(HedgeCo.Net) Judge Ricardo S. Martinez of the U.S. District Court for the Western District of Washington has entered a consent judgment against David Ferraro for his role in an alleged microcap stock promotion scheme that generated approximately $792,000 in trading profits for Ferraro and Justin Costello. As alleged in the SEC’s complaint, this stock promotion scheme was part of a series of frauds that Costello perpetrated while falsely portraying himself to the public as a Harvard-educated military veteran and hedge fund billionaire.
According to the SEC’s complaint, from at least October 2019 through January 2021, Costello and Ferraro engaged in a stock promotion scheme in which Ferraro recommended and promoted to his Twitter followers and the public at least five microcap stocks that Costello owned, without disclosing that he and Costello intended to sell shares of those stocks as their prices rose, or that Costello would pay Ferraro a portion of his profits from some of those sales. Costello shared approximately $32,000 of his profits with Ferraro, and Ferraro profited approximately $41,000 from his own trading in this scheme. The SEC’s complaint also alleges that Ferraro separately conducted his own stock promotion scheme respecting two additional microcap stocks, generating profits of approximately $68,000.

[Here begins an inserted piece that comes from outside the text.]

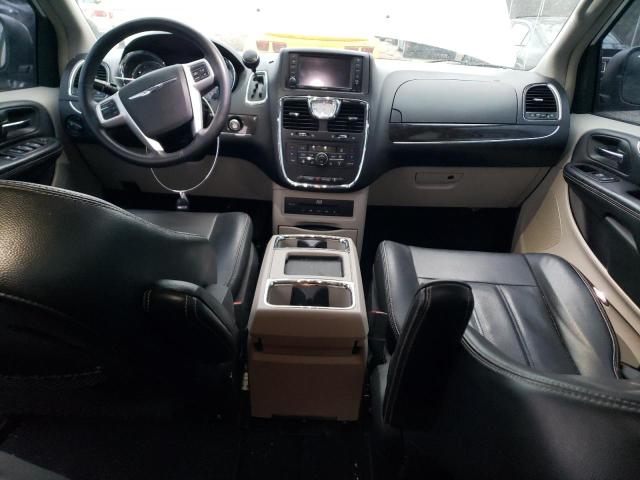 2C4RC1CG2FR697750 - 2015 CHRYSLER TOWN & COU TOURING L WHITE photo 8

The SEC’s complaint, filed on September 29, 2022, charges Ferraro with violating Section 17(a) of the Securities Act of 1933 and Section 10(b) of the Securities Exchange Act of 1934 and Rule 10b-5 thereunder. Without admitting or denying the allegations in the complaint, Ferraro consented to a bifurcated settlement, agreeing to be permanently enjoined from violations of the charged provisions and from participating in any offering of a penny stock. Monetary relief will be determined by the court at a later date upon motion of the Commission.